The accountant, a large serious man, sees himself planted in the midst of a quilted crop of families, cooking fires and plastic sheeting; the priest’s drawing of his slim black-clad figure is bright with God’s light refracted through a mirror framed in rainbow colors. The drawings of their “biggest problems” are, with no other guidance, no consultation, virtually identical. One side of the pages shows effort – to salvage and succor, hands reaching out, shovels in the earth – and a row of disconnected figures: “the ones who could help but don’t” “the rich and powerful who do not care.” They are barely sketched, drained of color. On the other side of the page, the people in the camps are suffering, but they do have bodies and expressions.
We need to offer them help, ourselves, in order to be human; and we need this at least as much as they need our help. That is the key to a happier future anniversary.
On the anniversary of their earthquake, Haitian men, women, and children are more likely to tremble anew with fear and contend with reawakened physical, emotional and behavioral symptoms. Chronic headaches and stomachaches that had subsided over months are now returning with renewed force in those living in their own homes as well as in the more than a million demoralized tent dwellers. Sleep, increasingly restless, is more often riven with nightmares of family members buried in the rubble. Children whose beds were dry are once again wetting them. The free-floating anger that had ebbed in many is rising, increasingly visible in family quarrels, child abuse, and street conflicts.
These phenomena, occurring at the same time as the original trauma, a year later (or indeed 5 or 10 years later) are called “anniversary reactions”. They were observed by Freud in 1895 and have been the subject of case reports ever since.
Sometimes a quite conscious understanding and anticipatory dread of the anniversary appear to set the stage: Winston Churchill dying at the same age, and on the exact same day as his father; Elvis Presley, who had announced that “my life is ended,” after his mother died at 42 in August 1958, himself dying early in August 1977, also at 42.
Often, however, the person suffering the anniversary reaction seems to be unaware of the connection. There is ample documentation of people who are surprised to learn that their unexpected anxiety attacks, nightmares, blood clotting disorders, chest pain, or heart attacks have occurred a day or two before the date a family member had died.
Some investigators have hypothesized that ”incomplete mourning” makes one more vulnerable to anniversary reactions, but it’s hard to say, especially in a situation of catastrophic loss and ongoing horrific hardship, like Haiti’s, what ‘complete mourning’ might be. Others see the reactions primarily as conditioned responses triggered by preparation for a memorial, for example, or an awareness of the coming of the season of loss, producing a variety of psychophysiological reactions.
Whatever the mechanisms, it is clear that these anniversary reactions take place on a population wide as well as an individual level.

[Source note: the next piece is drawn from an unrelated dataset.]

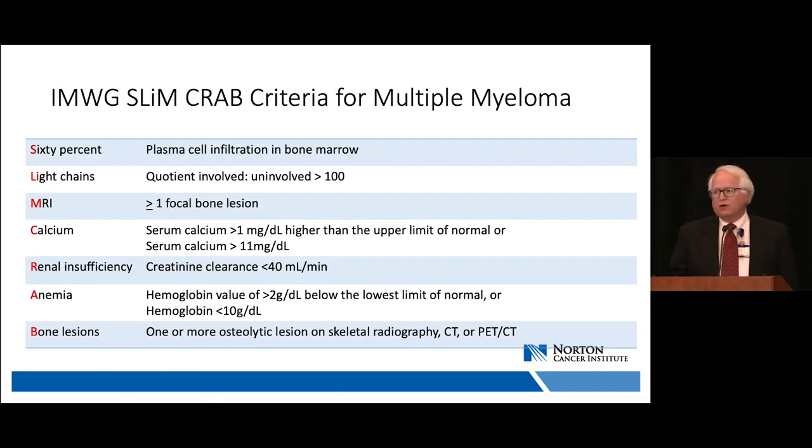Everyone is familiar with CRAB criteria. For decades we waited until end organ damage before beginning therapy. About 10 years ago, we identified findings — now called SLIM — that place patients in a similar risk group before end organ damage. The CRAB acronym has precise definitions guiding when to initiate therapy: calcium criteria is not just slightly elevated, renal insufficiency must be differentiated from chronic kidney disease due to hypertension or diabetes, and so on.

Many New Yorkers report a growing apprehension on clear days in early September that precede each 9/11, and since Hurricane Katrina, New Orleanians’ level of distress increases precipitously each August . Scientific observations confirm these reports. A study of Gulf War veterans published in the American Journal of Psychiatry in 1999 revealed a significant increase in symptoms of posttraumatic stress disorder (agitation, reliving of the traumatic experience, emotional withdrawal) in the same month that the original trauma occurred. And a 2007 study in Stress and Health, showed that a gradual decline in physical and psychological symptomatology in the months after a flood in Thailand, was followed by a marked increase in symptoms as the one-year anniversary drew near.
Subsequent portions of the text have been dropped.